Write a function bitsequence that takes two sequences of outcomes of coin tosses $$A$$ and $$B$$. The function must return a string containing the bit sequence $$b_{AB}$$.
Write a function odds that takes two sequences of outcomes of coin tosses $$A$$ and $$B$$. The function must return a tuple $$(k_A, k_B)$$ containing the normalized odds in a game of Penney Ante where the two given sequences compete against each other, with $$k_A, k_B \in \mathbb{N}$$.
Tip

In Python you can use the built-in function int to convert the string representation of a binary number into its decimal value.
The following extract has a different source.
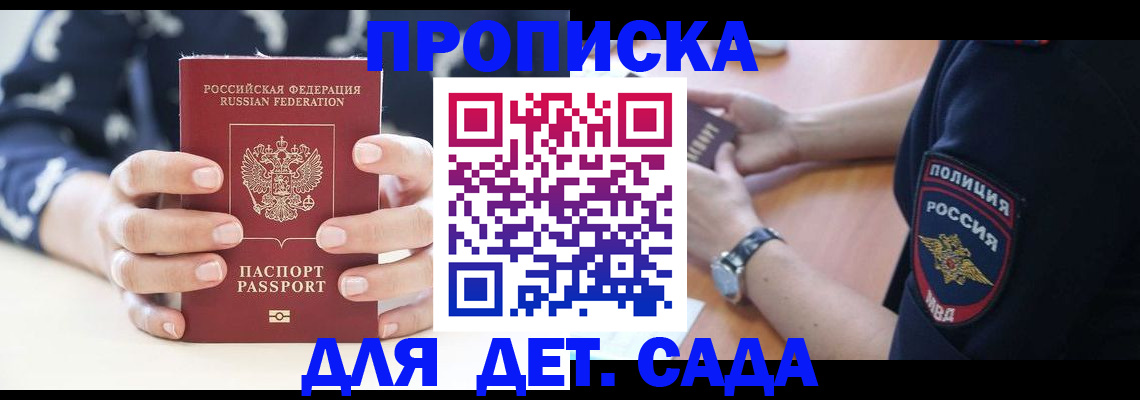 прописка штамп в Тольятти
This function has a second optional parameter (default value: 10) that takes the base of the number whose string representation is passed as the first argument to the function.
```
>>> int('011', 2)
3
```
Write a function probabilities that takes two sequences of outcomes of coin tosses $$A$$ and $$B$$. The function must return a tuple $$(p_A, p_B)$$ containing the probabilities in a game of Penney Ante where the two given sequences compete against each other, with $$p_A, p_B \in \mathbb{R}$$.

The two sequences of outcomes of coin tosses that are passed to the functions bitsequence, odds and probabilities should not necessarily have the same length and can also be the same sequence.

Example

        >>> winner('HHH', 'THH', 'HTHTHHHHTHHHTTTTHTHH')
2
>>> winner('THT', 'TTH', 'HTHTHHHHTHHHTTTTHTHH')
1
>>> winner('THH', 'HHT', 'HHHHHHHHHHHHHHHHHHHH')
0
>>> winner('THH', 'THH', 'HHHHHHHHHHHHHHHHHHHH')
Traceback (most recent call last):
AssertionError: sequences cannot be equal
>>> winner('THHT', 'THH', 'HHHHHHHHHHHHHHHHHHHH')
Traceback (most recent call last):
AssertionError: sequences must have equal length

>>> bitsequence('HHH', 'THH')
'000'
>>> bitsequence('THT', 'TTH')
'001'
>>> bitsequence('THH', 'HHT')
'011'

>>> odds('HHH', 'THH')
(1, 7)
>>> odds('THT', 'TTH')
(1, 2)
>>> odds('THH', 'HHT')
(3, 1)

>>> probabilities('HHH', 'THH')
(0.125, 0.875)
>>> probabilities('THT', 'TTH')
(0.3333333333333333, 0.6666666666666666)
>>> probabilities('THH', 'HHT')
(0.75, 0.25)

Resources

Collins S (1982). Coin sequence probabilities and paradoxes. Bulletin of the Institute of Mathematics and its Applications 18, 227-232.
Felix D (2006). Optimal Penney Ante strategy via correlation polynomial identities. The Electronic Journal of Combinatorics 13. ¹
Gardner M (1974). On the paradoxical situations that arise from nontransitive relations. Scientific American 231(4), 120-125.
Gardner M (1988). Time travel and other mathematical bewilderments. W.H. Freeman, 55-69. ²
Nickerson RS (2007). Penney Ante: Counterintuitive probabilities in coin tossing. The UMAP journal 28(4), 503-532. ³
Nishiyama Y (2010). Pattern matching probabilities and paradoxes as a new variation on Penney's coin game. International Journal of Pure and Applied Mathematics 59(3), 357-366. ⁴
Nishiyama Y, Humble S (2014). Winning odds. Plus Magazine 55. ⁵
Penney W (1975). Problem 95: penney-ante. Journal of Recreational Mathematics 7(4), 3217.